En Caracas, la noche
del 14 de julio del 1876, Duarte se acercaba a su fin y mientras sus hermanas,
Rosa y Francisca, velaban a su lado; su hermano Manuel, perdida la razón,
disparataba en una habitación vecina.
La más completa miseria
imperaba en la casa, cuyo mobiliario era escasísimo. Rosa y Francisca vivían de
la costura y sus ganancias eran tan exiguas que apenas podían subsistir.
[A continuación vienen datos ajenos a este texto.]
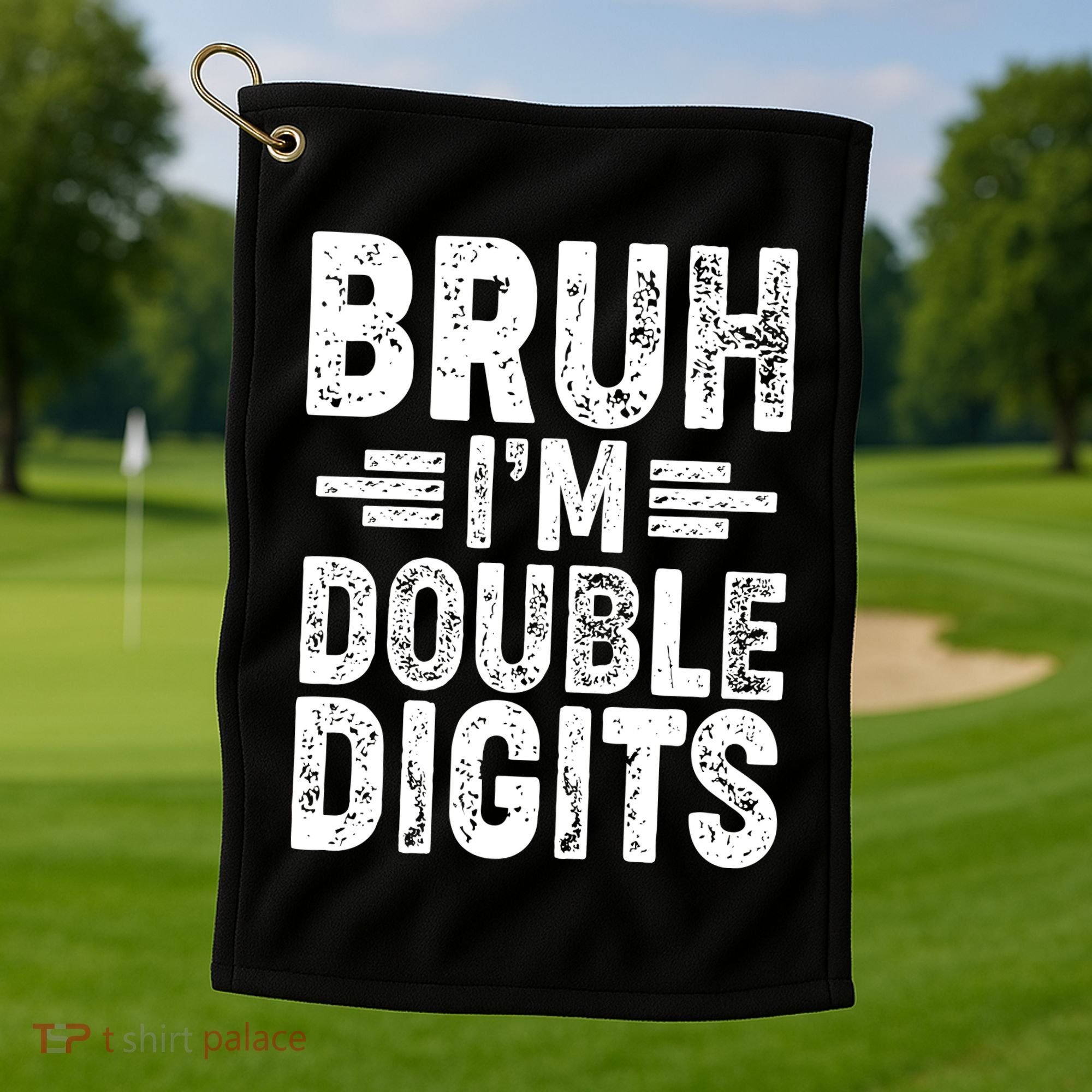 Funny Bruh Im Double Digits 10th Birthday Golf Towel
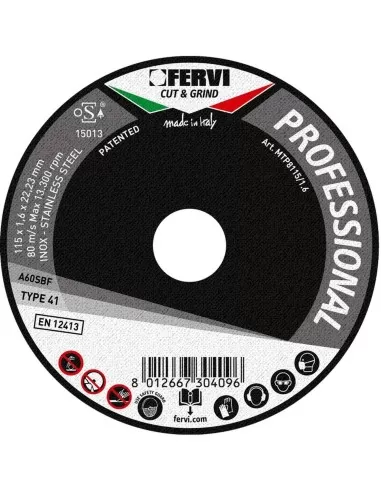 Disque de coupe pour metal ø230x2x22 mm a60s professionnel fervi mtp8230/2.0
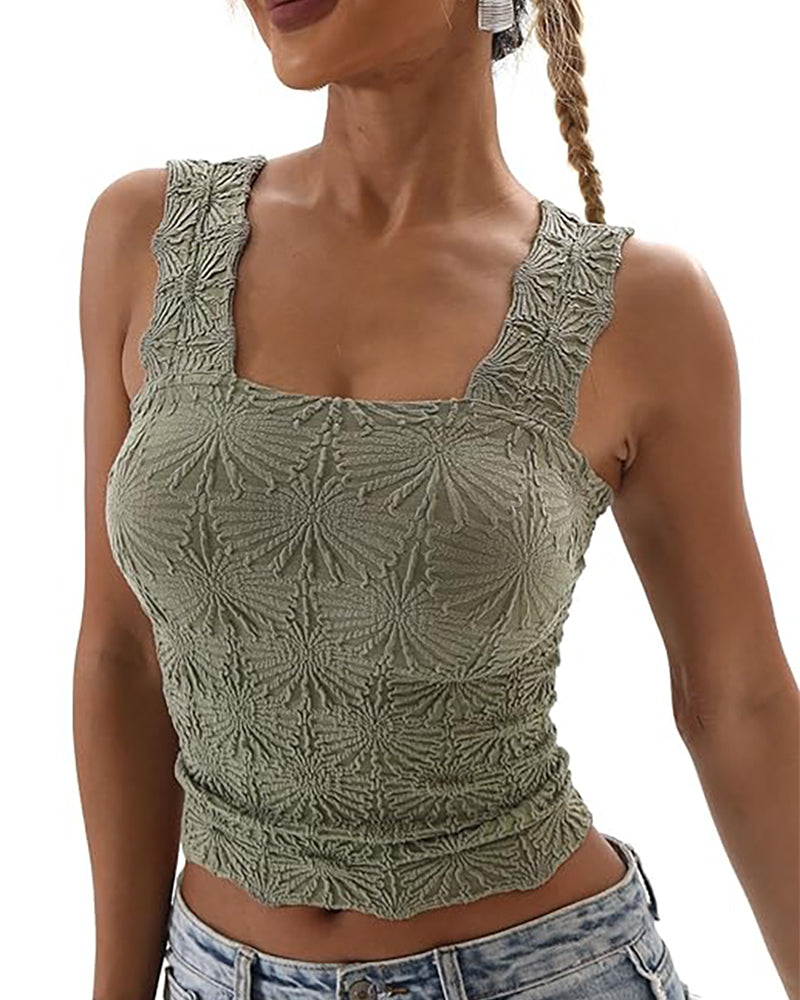 Floral Jacquard Square Neck Thick Strap Crop Tank Casual Sleeveless Top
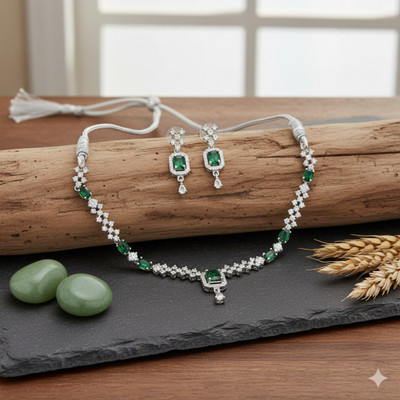 Amoha Lifestyle Alloy Silver Green, Silver, White Jewellery Set(Pack of 1)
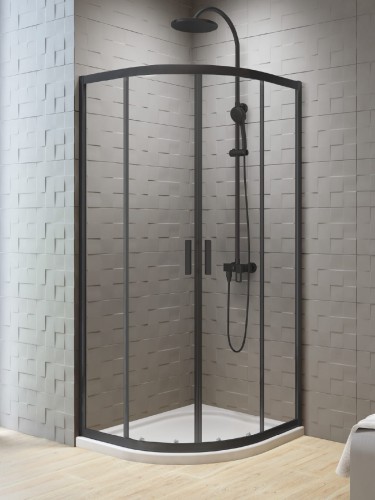 Kabina półokrągła New Trendy New Varia Black 80x80x190cm, drzwi podwójne przesuwne profile czarny-mat K-0565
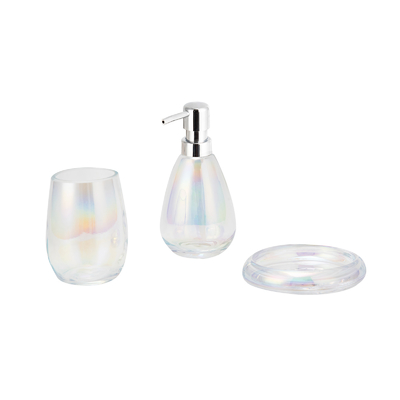 Buy Colorful Shells Style Glass Soap Foam Dispenser Toothbrush Holder Bathroom Accessories Set online manufacture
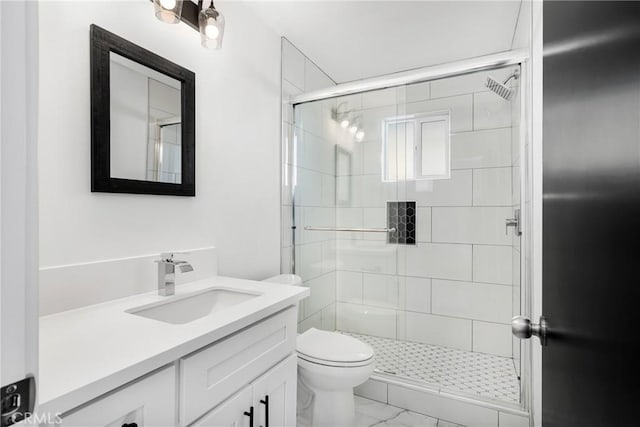 4851 Faculty Ave, Long Beach, CA 90808 - bathroom with marble look tiles, vanity, and a stall shower
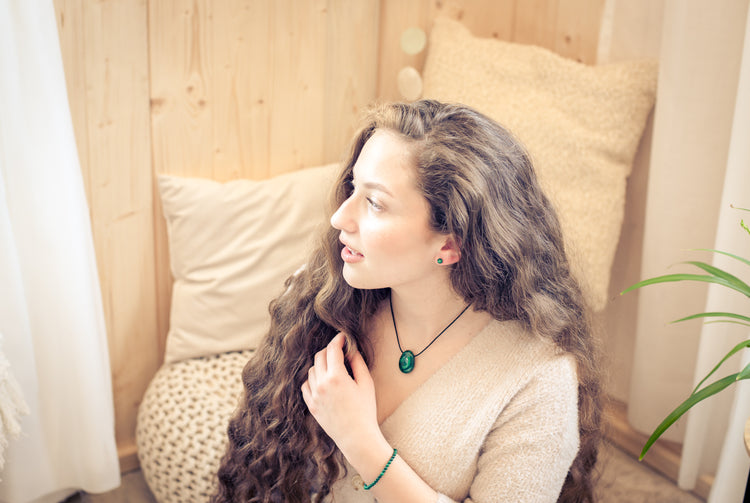 Malachite drop pendant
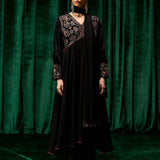 Advika Black Zari Embroidered Velvet A-line Suit set with Dupatta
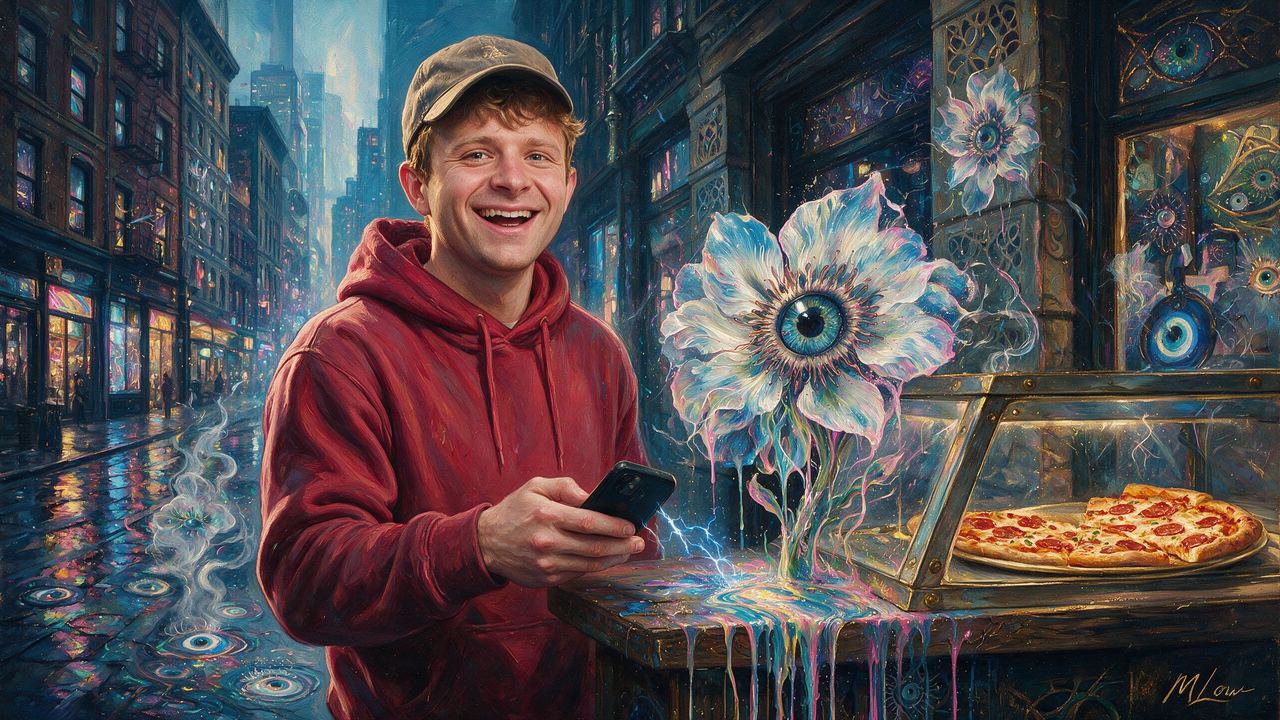 Jack Mallers, portrait painted by MLow: A Slice, Phone Held High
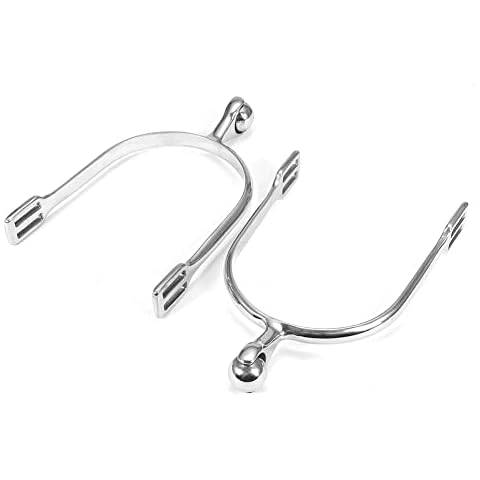 DSFSAEG Horse Spurs with Stainless Steel Roller Ball for Equestrian Boots, Men and Women Riding Lovers (Type 1) Cover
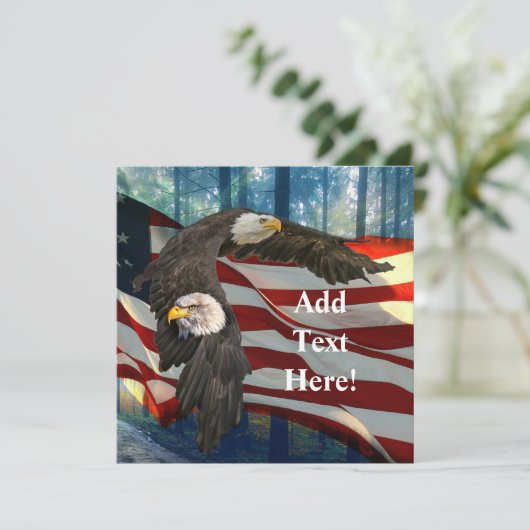 American Bald Eagle American Flag Save The Date (Stehend Vorderseite)
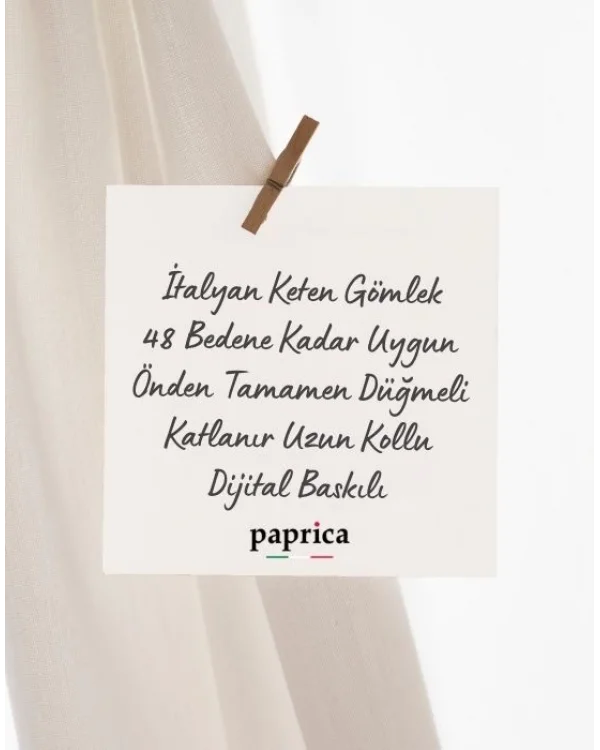 İtalyan Tasarım Gül Baskı Keten Gömlek Turuncu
Tal era el ambiente en el que Duarte se
hallaba próximo a morir, después de padecer durante un año de una agotadora
enfermedad que lo convirtió en un espectro. Contaba con 63 años y parecía tener
más de ochenta.
Una vida de enfermedades, privaciones y
sacrificios lo habían reducido a esa penosa situación.
Para sus vecinos de
Caracas, Duarte era un dominicano que había tenido cierta importancia en su
país o por lo menos eso era lo que parecía.
Lo que esas gentes
ignoraban era que si los Duarte se hallaban en tan espantosa miseria se debía
al amor que sintieran por su patria porque en dos ocasiones, en el 1844 y en el
1863, sacrificaron por ella el patrimonio familiar.
Tampoco sabían que ese
anciano, que lucía abstraído y enfermo, había sido uno de los patricios más
puros de América, que se había entregado a servir a su patria con “alma, vida y
corazón”. Y desconocían que ese dominicano tan pobre, que vivía tan
obscuramente, había sido considerado como el Jesús Nazareno de los dominicanos.
En cuanto a sus
hermanas, esas mismas gentes ignoraban que esas pobres mujeres, que ahora ni
siquiera tenían buena vista para coser, en unión de su madre, ya fallecida,
habían fabricado más de 5,000 balas para la independencia de su país.
Pero volvamos al
enfermo. A las dos de la mañana del sábado el silencio envolvía a Caracas. La
noche avanzaba y la ciudad lucía desierta. En la triste casa de los
Duarte, Rosa y Francisca velaban.
Todo anunciaba la
proximidad del final, y en la habitación del moribundo, mal alumbrada por una
vela, los rezos alternaban con el silencio.
La hora adelanta y la
respiración del enfermo se hace más difícil. La espera es larga. Por fin, a las
tres de la mañana, del 15 de julio del 1876, el moribundo exhala su postrer
suspiro. La habitación se llena de sollozos. Rosa y Francia lloran
inconsolables. Duarte ha muerto.
Ha fallecido lejos de
la tierra que lo vio nacer, en un rincón de Caracas, olvidado de sus
compatriotas y sumido en la más negra miseria.